[[ WORKING DATA open ]]

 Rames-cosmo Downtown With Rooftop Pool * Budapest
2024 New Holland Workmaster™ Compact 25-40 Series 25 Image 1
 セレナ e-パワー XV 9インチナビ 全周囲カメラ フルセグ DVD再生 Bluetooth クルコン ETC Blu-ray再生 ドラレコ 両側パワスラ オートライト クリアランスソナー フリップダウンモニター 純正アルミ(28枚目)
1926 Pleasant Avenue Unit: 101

[[ WORKING DATA closed ]]
[[ WORKING DATA open ]]

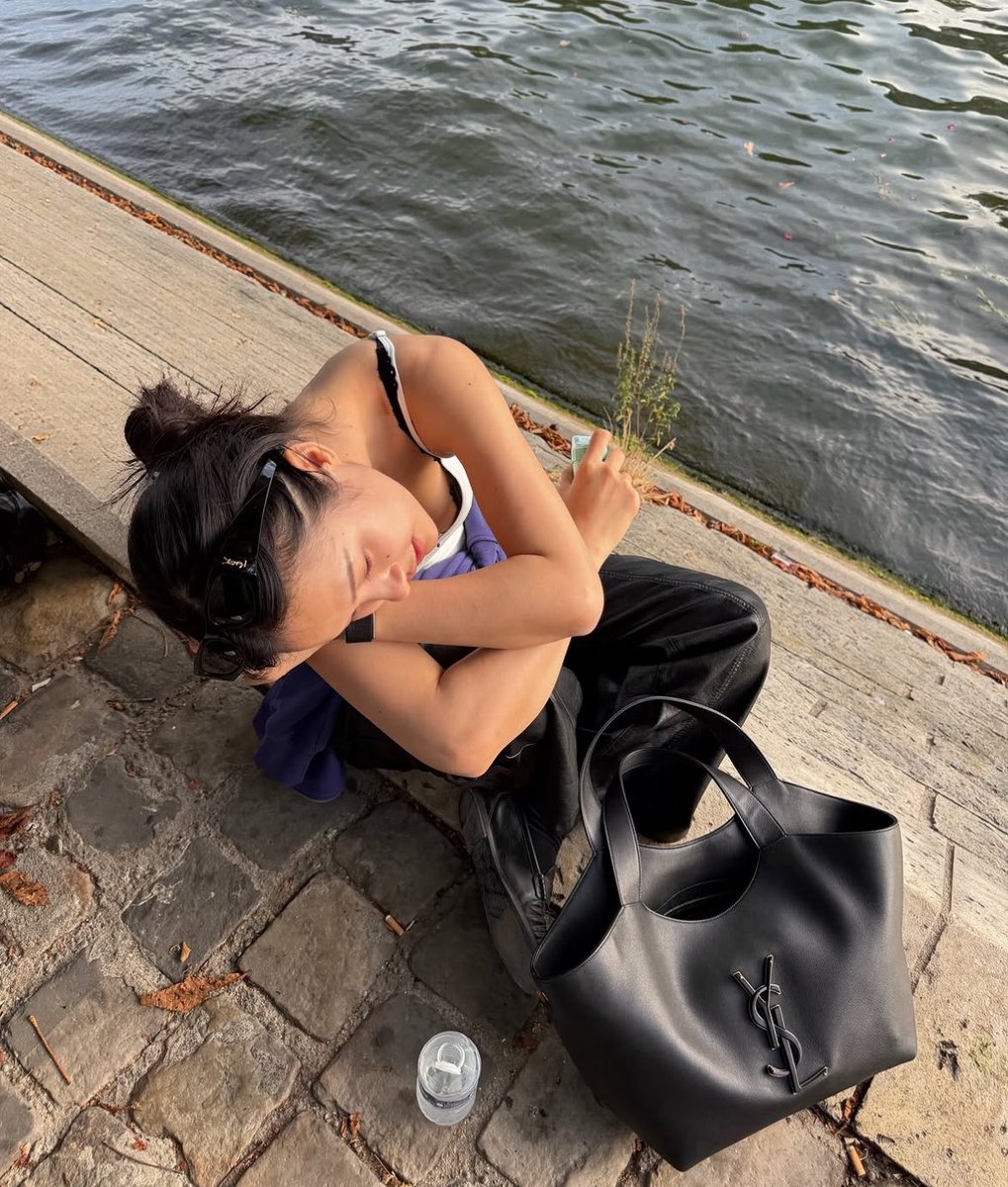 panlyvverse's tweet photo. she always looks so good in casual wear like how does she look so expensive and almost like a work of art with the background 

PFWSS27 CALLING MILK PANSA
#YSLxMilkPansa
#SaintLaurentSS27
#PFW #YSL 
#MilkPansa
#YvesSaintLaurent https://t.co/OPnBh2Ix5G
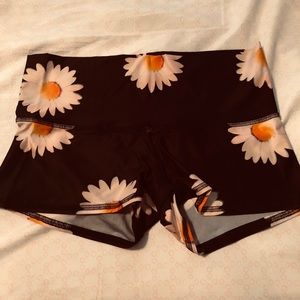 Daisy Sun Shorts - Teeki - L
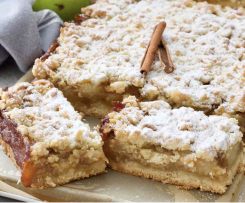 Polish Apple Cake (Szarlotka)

[[ WORKING DATA closed ]]
[[ WORKING DATA open ]]

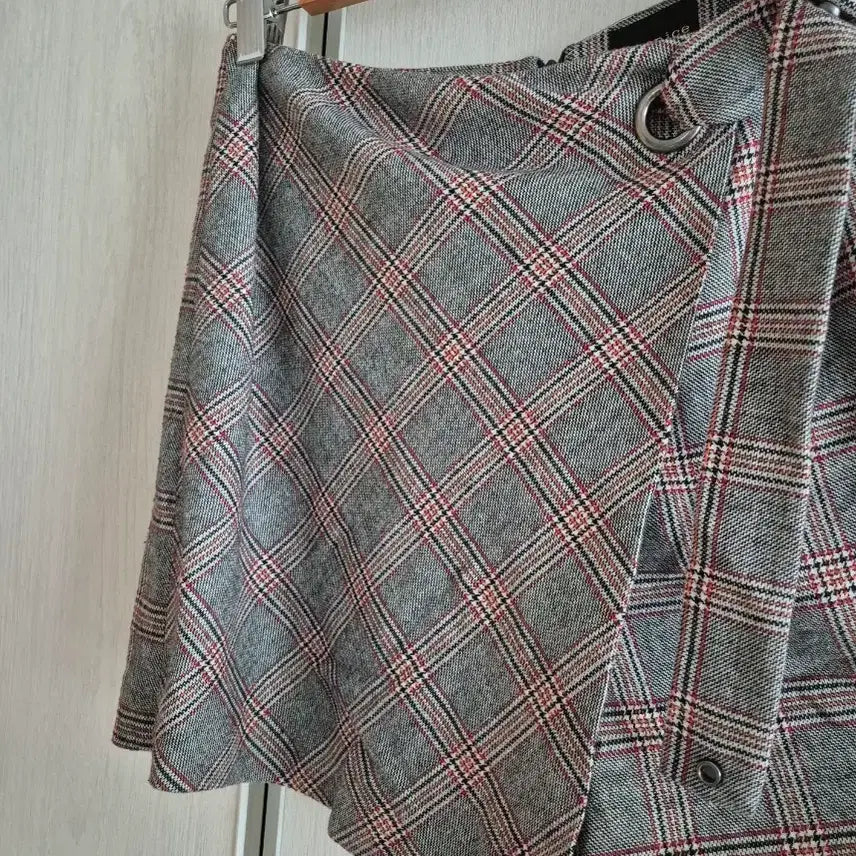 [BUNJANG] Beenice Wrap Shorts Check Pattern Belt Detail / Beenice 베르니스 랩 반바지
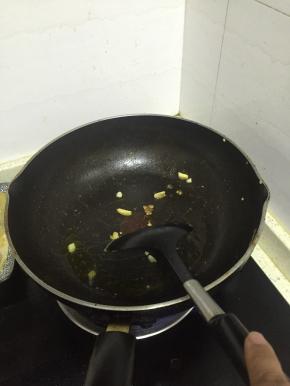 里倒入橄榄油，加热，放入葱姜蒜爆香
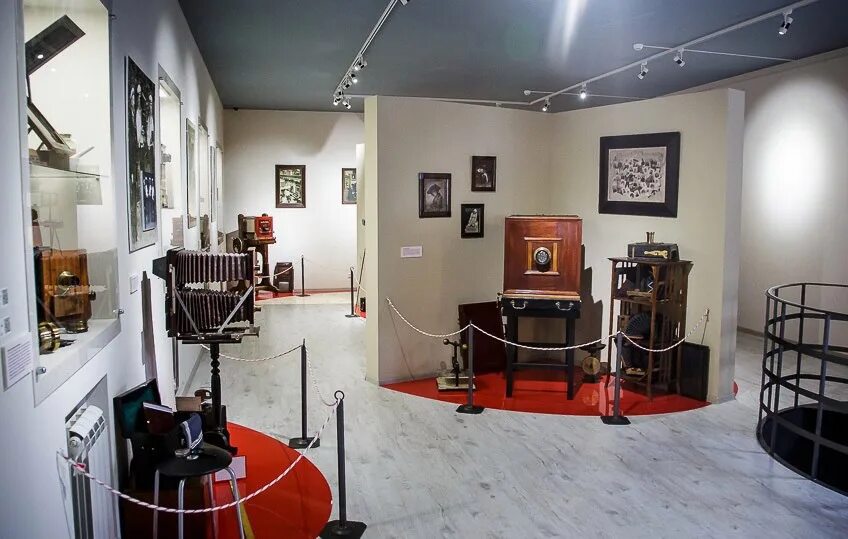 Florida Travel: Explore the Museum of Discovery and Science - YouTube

[[ WORKING DATA closed ]]

→ PROBLEM: Please output, exactly as written, the lines above from the one holding "Daisy Sun Shorts - Teeki - L" through the one holding "Polish Apple Cake (Szarlotka)", both included, with the pictures omitted.

→ FINISHED TASK:
 Daisy Sun Shorts - Teeki - L
 Polish Apple Cake (Szarlotka)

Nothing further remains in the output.